I started that project that I mentioned when I introduced myself, Mead Ranger Aristocrat. This is my first attempt, and learning as I go, wish me luck.
I got it all the way down to the frame today. The bottom bracket was in great shape, I'm assuming because of the super goo I found in there, wow, ha! M27 on the crank.
I also sand blasted the clad wheels. They might take longer than the bike itself?! Maybe I'll get a "today" wheelset for Sunday bombing arounds. The sprocket has "Patent January 1, 1923" forged on it's surface.
It's got a New Departure brake.....and hub maybe? I haven't cleaned it off yet so not sure about the hub, but seemed to be working perfectly. Disassembly of that will be interesting. Maybe a GoPro to make sure I put it back together right, uh?
I found a wooden tube of graphite in the toolbox, must have been used on the chain.
I'd like to get the saddle restored if anybody's knows a place. Great looking saddle but dry rotted. I'll put some pics of the parts on tomorrow.
Regards,
C


----------



## Saving Tempest (Jan 30, 2016)

So far, so good! Good crank and bearing is good news to me. There are probably enough members here to either accomplish what you want to guide you there.


----------



## Chainring (Jan 31, 2016)

Saving Tempest said:


> So far, so good! Good crank and bearing is good news to me. There are probably enough members here to either accomplish what you want to guide you there.
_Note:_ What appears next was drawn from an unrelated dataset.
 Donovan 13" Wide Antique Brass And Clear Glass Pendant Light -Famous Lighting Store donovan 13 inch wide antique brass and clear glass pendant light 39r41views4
Thanks ST, I think you're right. Matter of fact Gary Mc just posted a great thread involving New Departure hubs in the General,..... including a schematic, lol.


----------



## Chainring (Jan 31, 2016)

Saving Tempest said:


> So far, so good! Good crank and bearing is good news to me. There are probably enough members here to either accomplish what you want to guide you there.




 My bad, the thread is in Prewar.


----------